Commanding Humanoid by Free-form Language: A Large Language Action Model with Unified Motion Vocabulary

arXiv cs.RO / 4/13/2026

💬 OpinionSignals & Early TrendsIdeas & Deep AnalysisModels & Research

Key Points

  • The paper introduces Humanoid-LLA, a Large Language Action Model that converts free-form natural language into physically executable whole-body actions for humanoid robots.
  • It proposes a unified motion vocabulary that maps human and humanoid motion primitives into a shared discrete space to improve motion diversity while preserving plausibility.
  • A vocabulary-directed controller distilled from a privileged policy is used to maintain physical feasibility of the generated actions.
  • The method includes physics-informed fine-tuning via reinforcement learning with dynamics-aware rewards to improve robustness and stability.
  • Experiments in simulation and on Unitree G1 and Booster T1 humanoids indicate improved language generalization and better motion naturalness, stability, and execution success versus prior language-conditioned controllers.

Abstract

Enabling humanoid robots to follow free-form language commands is critical for seamless human-robot interaction, collaborative task execution, and general-purpose embodied intelligence. While recent advances have improved low-level humanoid locomotion and robot manipulation, language-conditioned whole-body control remains a significant challenge. Existing methods are often limited to simple instructions and sacrifice either motion diversity or physical plausibility. To address this, we introduce Humanoid-LLA, a Large Language Action Model that maps expressive language commands to physically executable whole-body actions for humanoid robots.

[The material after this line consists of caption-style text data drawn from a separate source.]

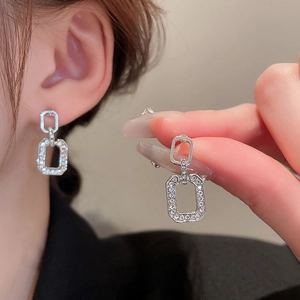 Silver geometric hollow earrings with sparkling diamonds in a minimalist French style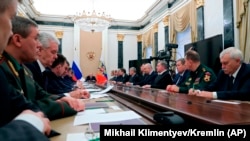 RUSSIA -- Russian President Vladimir Putin (C) chairs a Security Council meeting in Moscow, April 6, 2018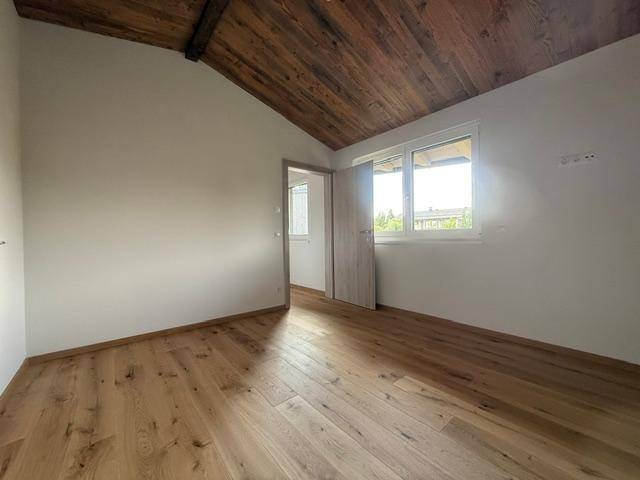 Heller Raum mit Holzboden, schräger Holzdecke und Fenster, bietet Zugang zu einem weiteren Zimmer.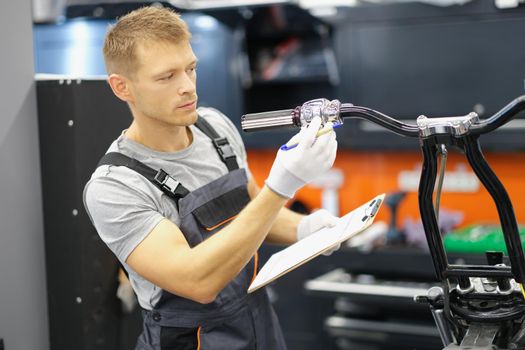 Portrait of garage service worker check wheel on motorbike, hold clipboard with info. Service center with qualified mechanic. Pit stop, repairing concept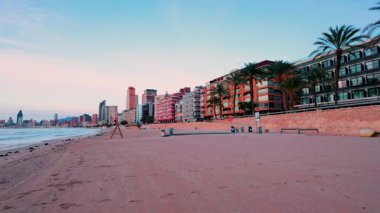 Benidorm, İspanya 'daki boş levante kumsalının manzarası şehrin ufuk çizgisini, sakin Akdeniz' i ve renkli ve sakin günbatımında ikonik benidorm adasını gözler önüne seriyor.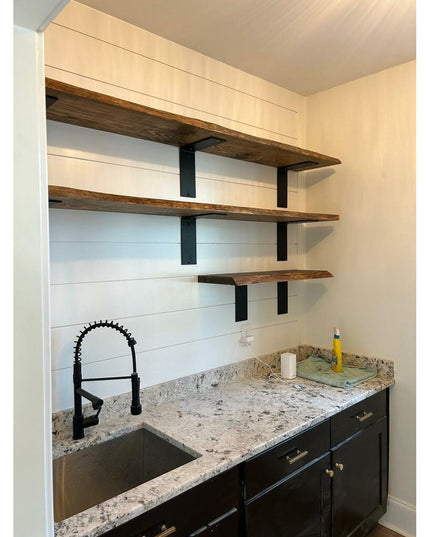 Industrial Farm Co Lorraine L black steel shelf brackets supporting rustic wood shelves in modern farmhouse kitchen with g...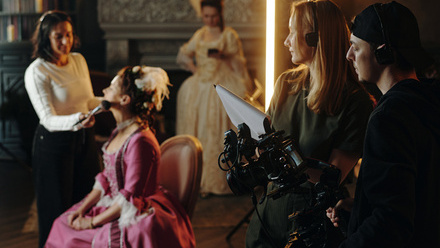 Behind-the-scenes on a period drama where a makeup artist is touching up an actor and two crew members stand nearby with a camera.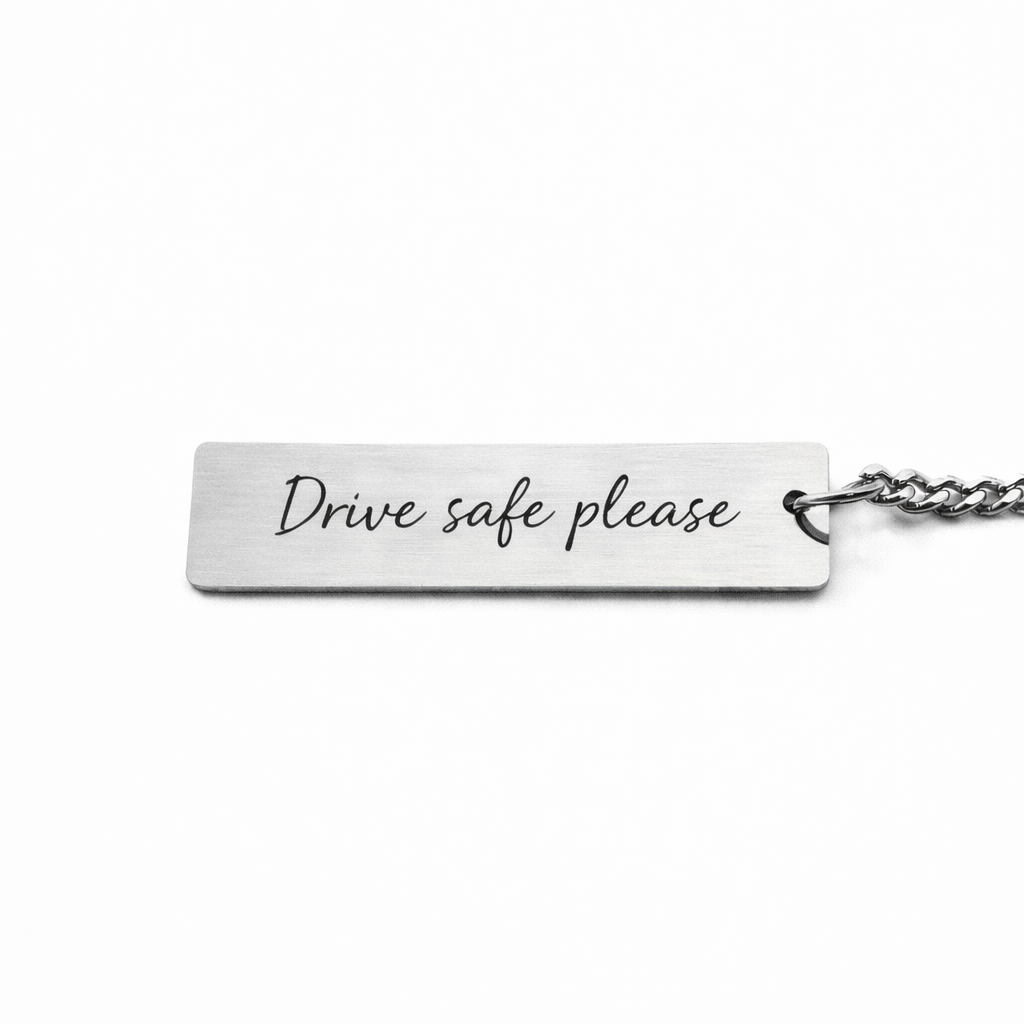 a silver keychain pendant with custom writing in a casual script font that reads "drive safe please"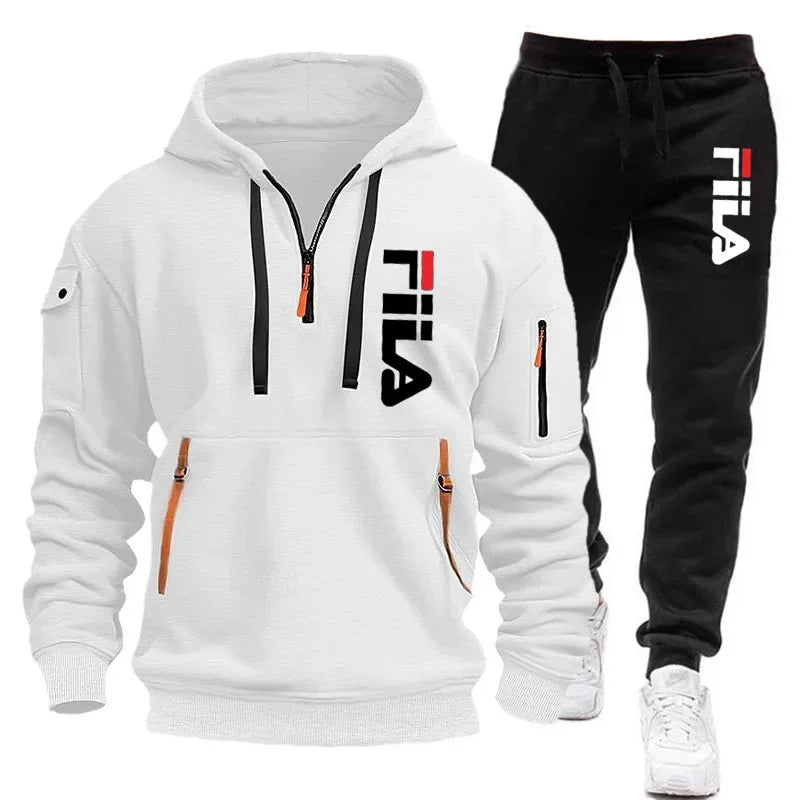 White hoodie and black pants with Fila logo on a white background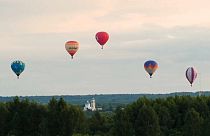 Hot air balloons fill the sky after three month delay to festival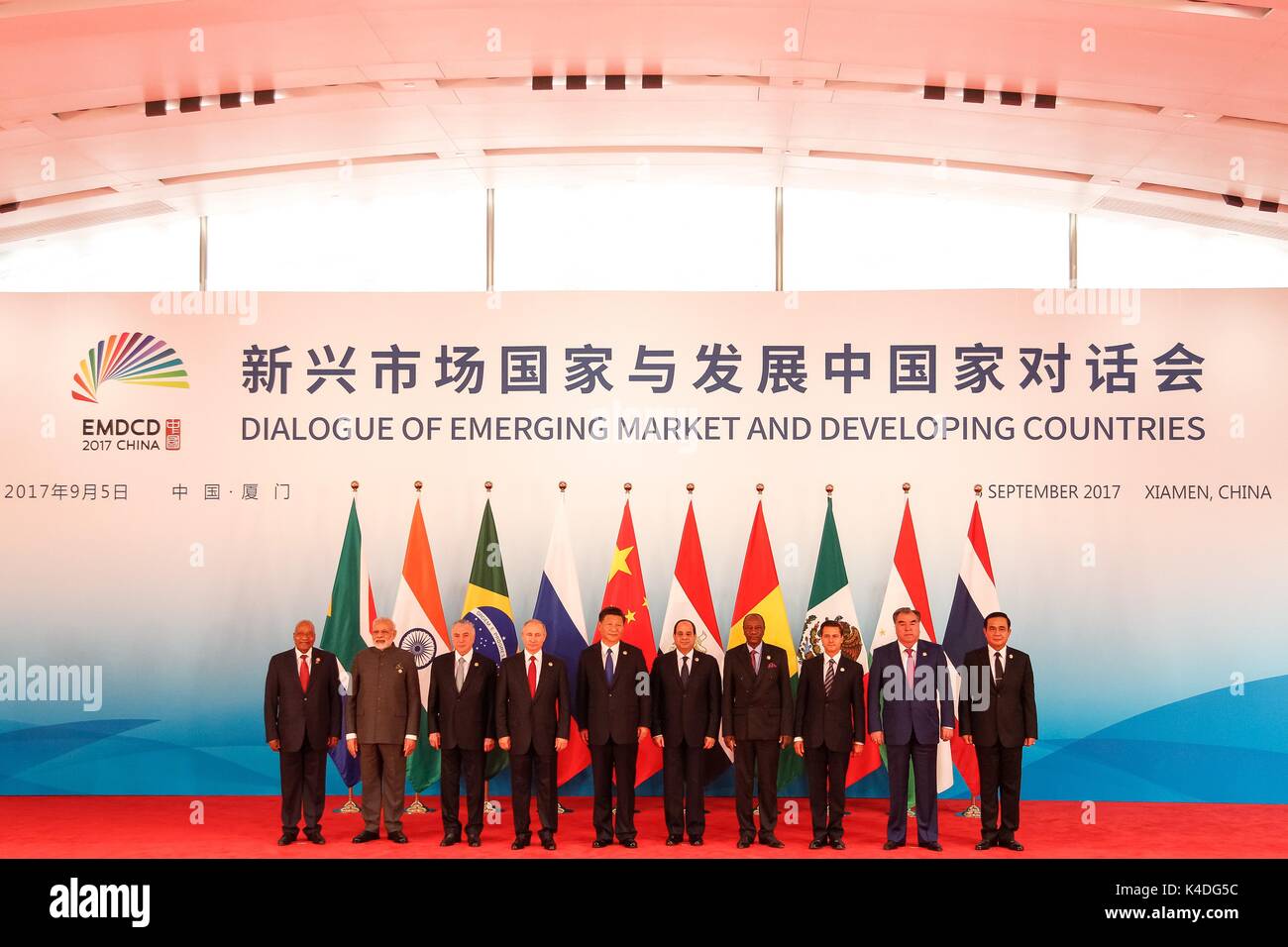 Leaders attending the BRICS Summit meeting on the Dialogue of Emerging Market and Developing Countries stand together for a family photo September 5, 2017 in Xiamen, China. Left to right are: South African President Jacob Zuma, Indian Prime Minister Narendra Modi, Brazilian President Michel Temer, Russian President Vladimir Putin, Chinese President Xi Jinping, Egyptian President Abdel-Fattah el-Sissi, Guinean President Alpha Conde, Mexican President Enrique Pena Nieto, Tajik President Emomali Rahmon and Thai Prime Minister Prayuth Chan-ocha. Stock Photo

Our approach integrates three core components: a unified motion vocabulary that aligns human and humanoid motion primitives into a shared discrete space; a vocabulary-directed controller distilled from a privileged policy to ensure physical feasibility; and a physics-informed fine-tuning stage using reinforcement learning with dynamics-aware rewards to enhance robustness and stability. Extensive evaluations in simulation and on real-world Unitree G1 and Booster T1 humanoids show that Humanoid-LLA delivers strong language generalization while maintaining high physical fidelity, outperforming existing language-conditioned controllers in motion naturalness, stability, and execution success rate.